Mario Carneiro (May 22 2019 at 00:43):

This, by the way, is why rw always rewrites a value everywhere; you are much more likely to get a type correct result than if you just rewrite half of the variables

Keeley Hoek (May 22 2019 at 00:43):

Yep, sure!

Mario Carneiro (May 22 2019 at 00:44):

Right, simp works here because it's using a completely different strategy for rewriting

Mario Carneiro (May 22 2019 at 00:44):

It uses congr lemmas

Mario Carneiro (May 22 2019 at 00:45):

Actually i'm not sure it does work in this example, I would expect it does nothing

Keeley Hoek (May 22 2019 at 00:45):

Well the result is

1 goal
ss : β = β  a == a
 false

Keeley Hoek (May 22 2019 at 00:46):

So I guess it worked?

Mario Carneiro (May 22 2019 at 00:46):

Here's a better example:

constant foo (α : Type) (a : α) : 

axioms (α β : Type) (a b : α) (h : α = β)

example : false := begin
  have ss : foo α a = foo α b := sorry,
  simp [h] at ss,
end

Mario Carneiro (May 22 2019 at 00:47):

now simp's heuristic stuff doesn't apply, and so it does nothing

Keeley Hoek (May 22 2019 at 00:48):

Riiight, ok. So probably it was "working" before because of doing (something like) cases on the inductive constructor first, so the type-inter-dependencies weren't around anymore?

Keeley Hoek (May 22 2019 at 00:49):

Any completely unrelated I guess, why do I get a heq after the simp application in the previous example?

Mario Carneiro (May 22 2019 at 00:51):

because the lemma it applied is struct.mk A a = struct B b <-> (A = B /\ a == b)

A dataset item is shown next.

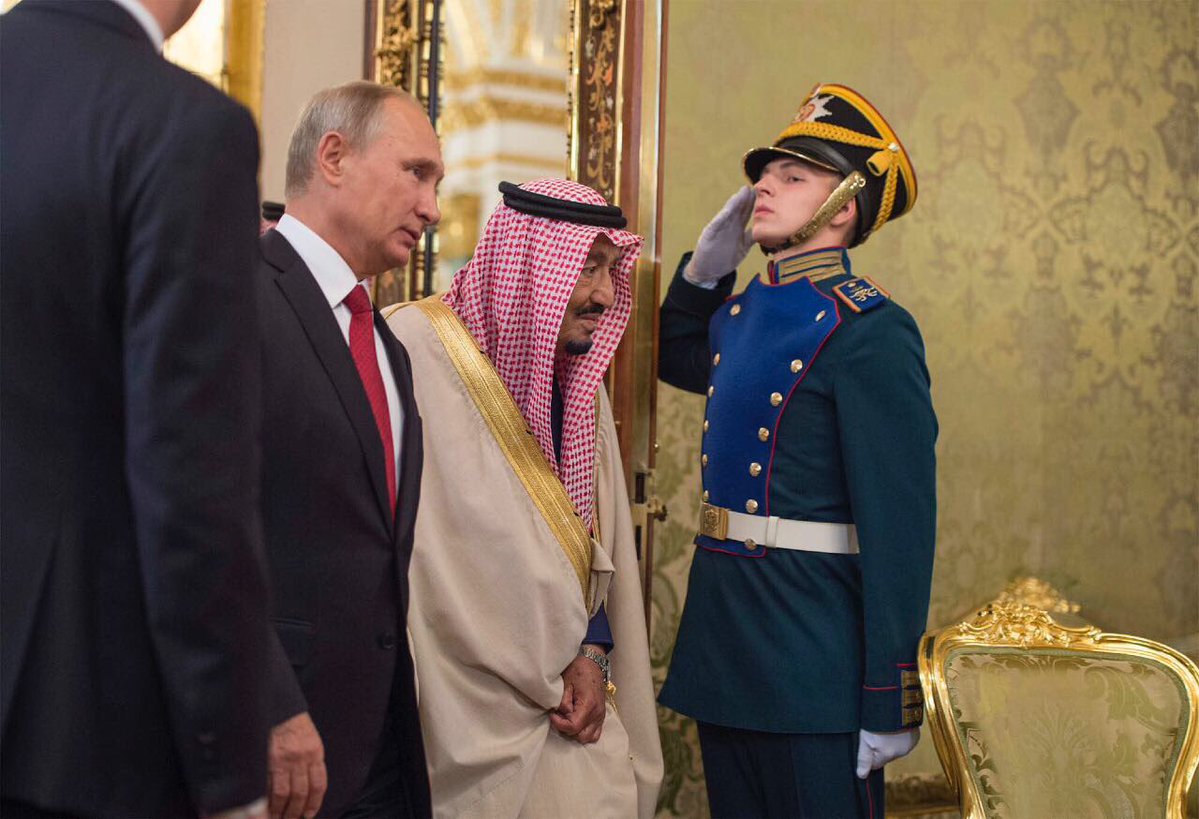 الملك سلمان: نسعى للتعاون مع موسكو لاستقرار أسواق النفط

Keeley Hoek (May 22 2019 at 00:52):

Thanks so much Mario, as always!

Mario Carneiro (May 22 2019 at 00:53):

Here's an example of simp rewriting under a dependency, where rw would fail:

constant α : Type
constant bar : α  Prop
constant foo (a : α) : bar a  

axioms (a b : α) (h : bar a) (e : a = b)

set_option pp.proofs true
example : foo a h = 0 := begin
  simp [e],
end

Mario Carneiro (May 22 2019 at 00:56):

This works because it generates a congr lemma for every constant and when one of the arguments is a subsingleton it is clever and avoids the subgoal. Notice the lack of a a_2 = a_3 assumption in the statement of the lemma:

#eval do c <- tactic.mk_congr_lemma `(foo), tactic.trace c.type
-- ∀ (a a_1 : α), a = a_1 → ∀ (a_2 : bar a) (a_3 : bar a_1), foo a a_2 = foo a_1 a_3

Mario Carneiro (May 22 2019 at 00:58):

If we look at the congr lemma for my first example, it determines that alpha has proper dependencies so it doesn't allow it to change at all:

constant foo (α : Type) (a : α) : 

axioms (α β : Type) (a b : α) (h : α = β)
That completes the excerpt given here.